Australian opera singer (born 1941)

Glenys Rae Fowles AM (born 4 November 1941) is an Australian operatic soprano who sang with Opera Australia and its predecessors for many years. She also sang at Covent Garden, Glyndebourne, and for the New York City Opera, San Diego Opera, and Scottish Opera. She also appeared at the BBC Proms and with the New York Philharmonic. Her recording with Heather Begg of the "Flower Duet" from Delibes's Lakmé has become famous.

==Early life==
Fowles was born in Perth, Western Australia, a daughter of Olive Fowles, née Pittard, and C. Fowles. She studied there with Lucy Howell. She appeared as Gretel in Engelbert Humperdinck's Hansel and Gretel in her school's production, at age 12. Her adult debut was as Micaela in Carmen for West Australian Opera. In 1967 she won the vocal section in the ABC Instrumental and Vocal Competition (now known as the ABC Symphony Australia Young Performers Awards). In 1968 she was the first Australian to win a cash prize in the finals of the New York Metropolitan Opera Auditions, when she won the $500 Ludwig Donath Memorial Metropolitan Opera Studio Scholarship.

==Career==
She trained with the Met for two months, then joined the Elizabethan Theatre Trust Opera, making her debut in 1969 as Oscar in Verdi's Un ballo in maschera. She appeared at Covent Garden in 1973, and as Ilia in Idomeneo in 1974 at Glyndebourne. For Scottish Opera she sang Sophie (Der Rosenkavalier) and Tatiana (Eugene Onegin).

Fowles made New York debut in 1974, as Micaela at New York City Opera (conducted by Christopher Keene), and till 1982 she was a resident lyric soprano there, singing such roles as Poppea (L'incoronazione di Poppea), Mélisande (Pelléas et Mélisande), Mimì (La bohème) and Micaela.
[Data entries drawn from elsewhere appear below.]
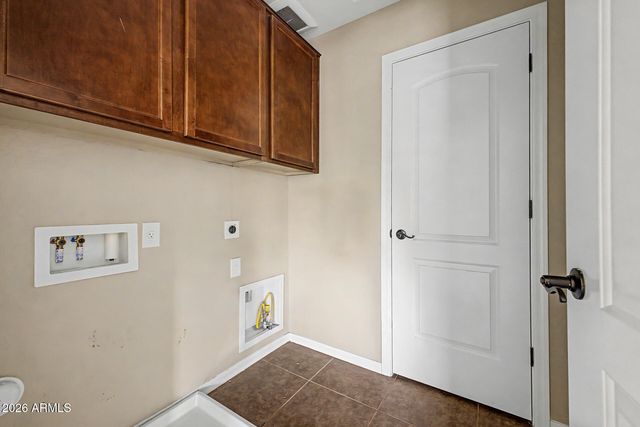 1016 W BASSWOOD Avenue, San Tan Valley, AZ 85140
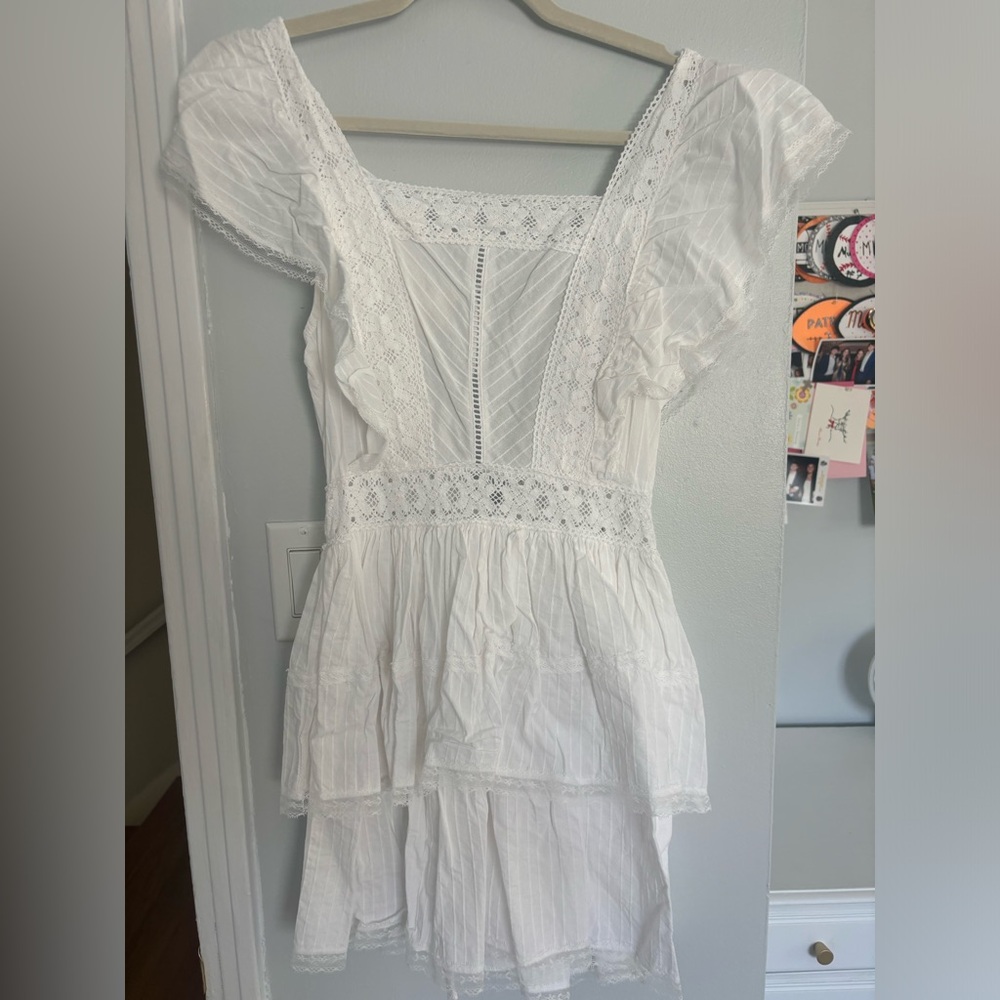 Elegant White Lace Dress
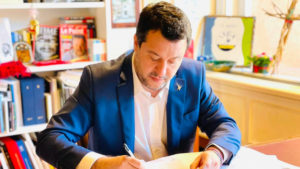 Matteo Salvini vorrebbe Bertolaso sindaco di Roma: "Esempio di concretezza"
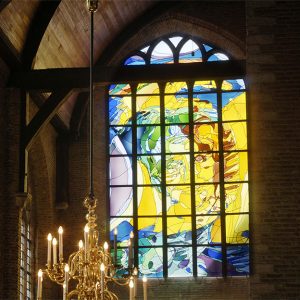 JAÏRUSRAAM - NIEUWE KERK DELFT – 2003-2006 – TECHNIEK: GEBRANDSCHILDERD GLAS-IN-LOOD - HOOGTE: 7.5 METER, BREEDTE: 3.5 METER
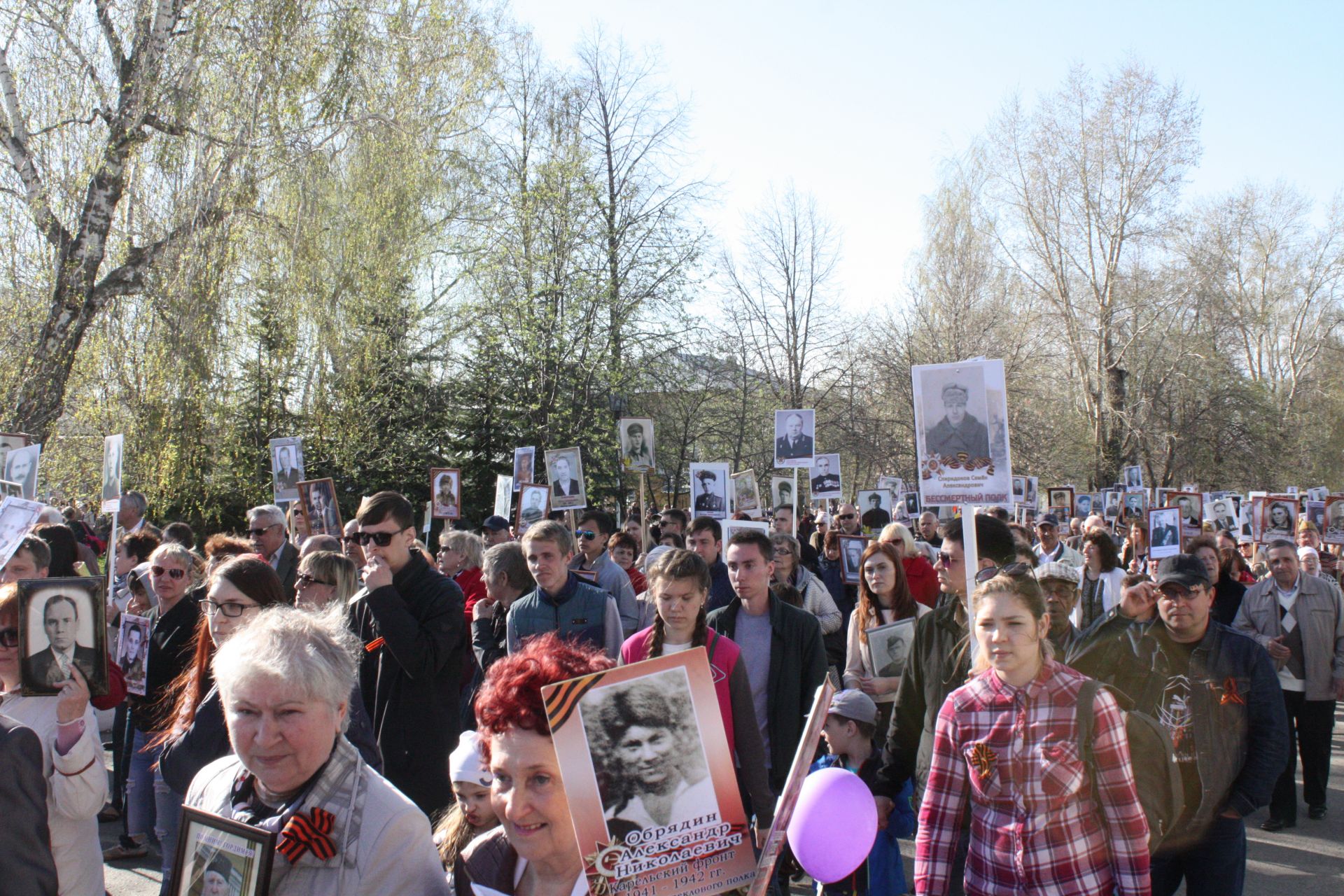 В Чистополе состоялись открытие уголка "Боевой славы" и акция "Бессмертный полк" (фоторепортаж)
She studied with Margarita Meyer in Sydney, Kurt Adler in New York, and Jani Strasser in London.

She sang with San Diego Opera in 1977-1978 (Valencienne in The Merry Widow, opposite Beverly Sills), 1987-88 (Adina in L'elisir d'amore), and 1991-92 (Hanna Glawari in The Merry Widow).
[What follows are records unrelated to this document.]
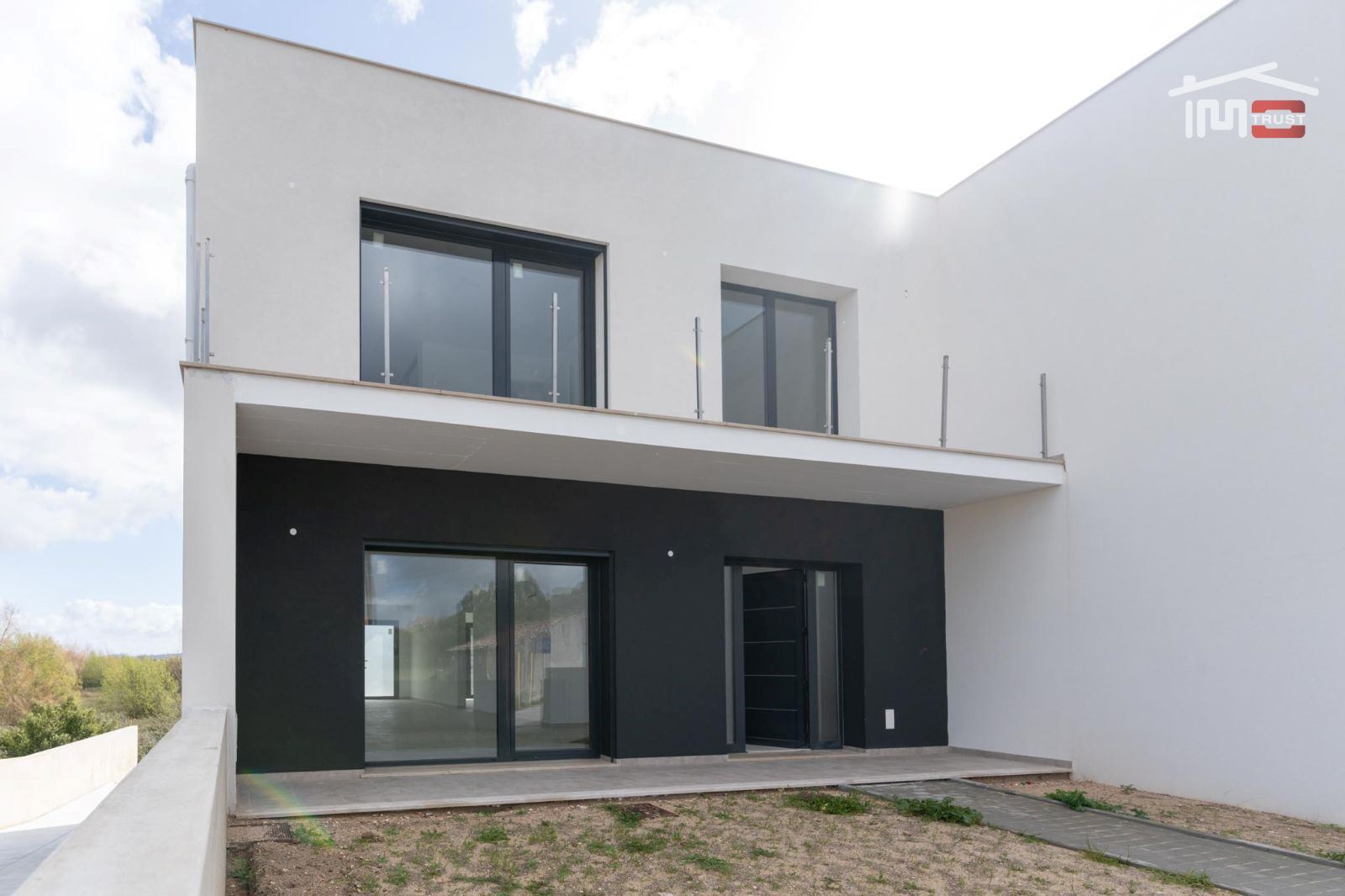 Moradia T3 para Venda em Nossa Senhora das Misericordias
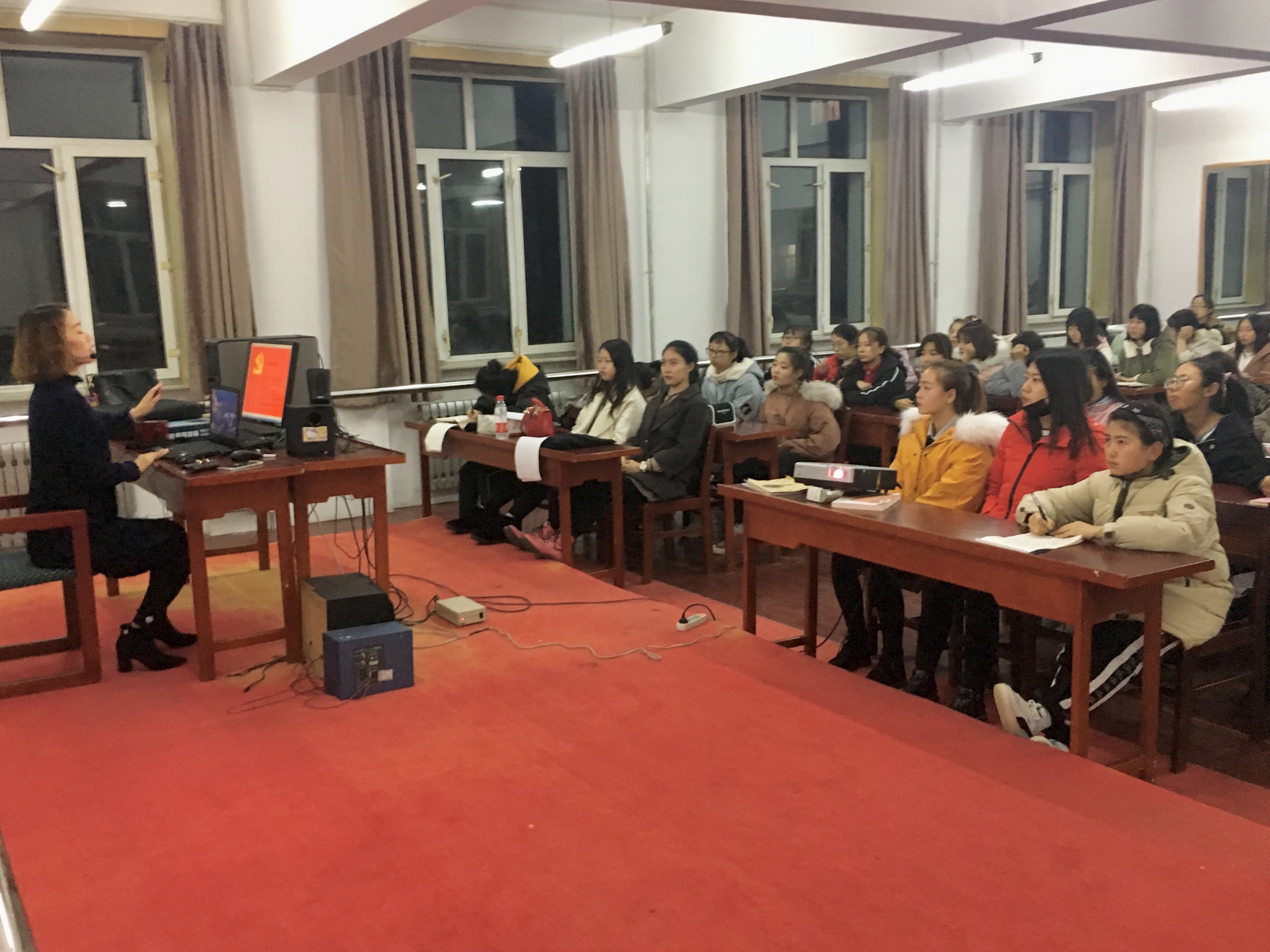 沿著青春足跡__譜寫青春華章 沿著青春足跡__譜寫青春華章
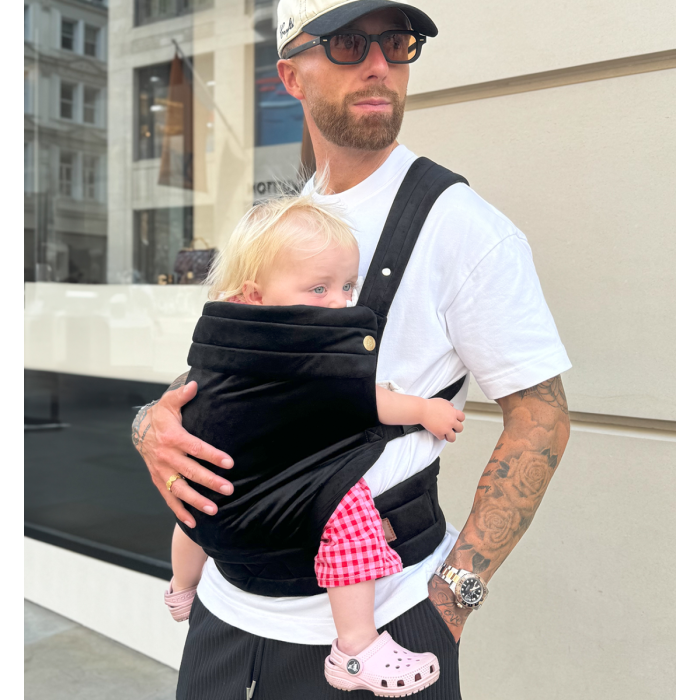 Bizzi Growin Velvet Baby Carrier - Onyx Black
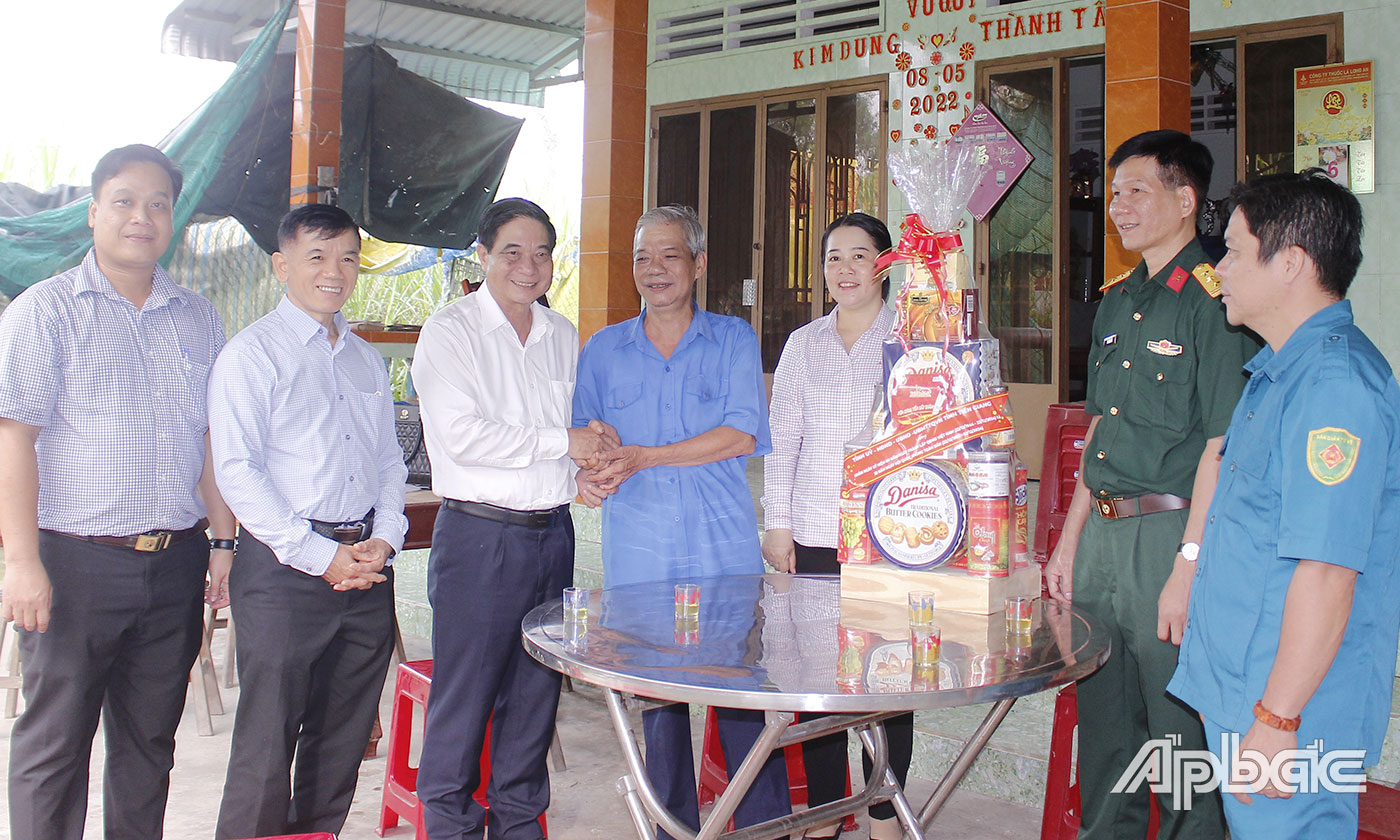Nguyễn Văn Bỉ (nguyên Đại tá Hiệu phó, Trường Quân sự tỉnh Tiền Giang, ngụ tại Ấp 3, xã Tân Lập 1).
Glenys Fowles's Opera Australia roles include: the title role in Manon, Mimi, Susanna (The Marriage of Figaro), Sophie (1972 to Yvonne Minton's Octavian) and Marschallin (Der Rosenkavalier), Gilda (Rigoletto), Pamina (The Magic Flute), Tatiana, Rosina (The Barber of Seville), Hanna Glawari, Juliet (Roméo et Juliette; in 1983 to Anson Austin's Roméo), Liu (Turandot) and Rosalinde (Die Fledermaus).

The movie Foul Play incorporates some segments of her performance as Yum-Yum in The Mikado.

==Awards and honours==
In 1986 Fowles was appointed a Member of the Order of Australia (AM) for her services to music.
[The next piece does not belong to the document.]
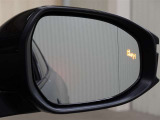 隣車線を走る車両をレーダーで検知し、ドアミラーでは確認しにくい後側方エリアに存在する車両に加え、急接近してくる車両も検知します。車両を検知するとドアミラーに搭載されたLEDインジケーターが点灯します。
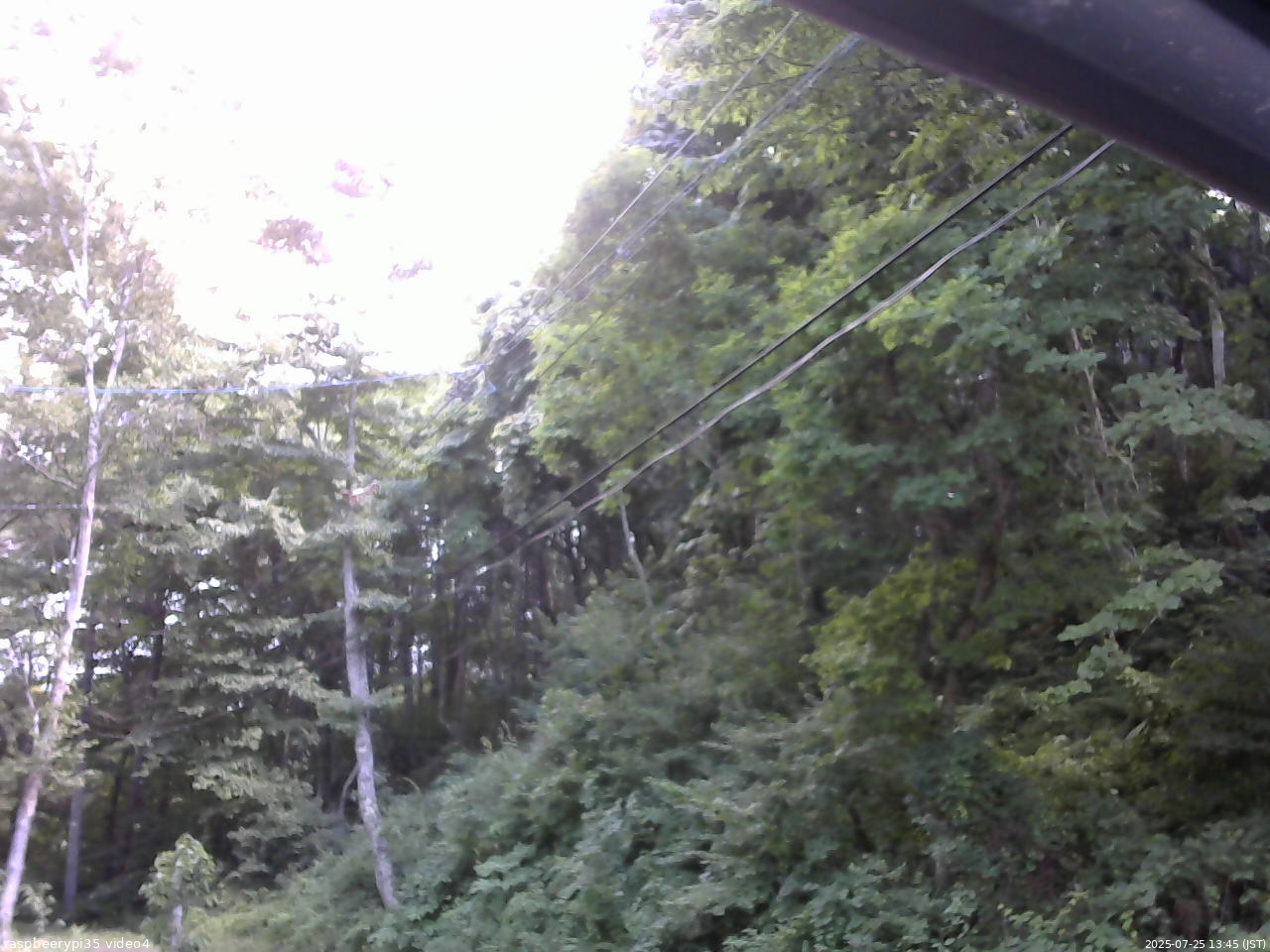長野県菅平高原 ゆたか山荘 東側上空 2025/07/25 13:45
Her 1978 recording, for EMI, of Valencienne in The Merry Widow (excerpts, in English translation), with Sills, Alan Titus, and Henry Price, conducted by Julius Rudel, won a Grammy Award. "Live From The Sydney Opera House", in which she appears as Mimì in La bohème, won an Emmy Award.

She was an adjudicator for the 2004 Mathy Awards.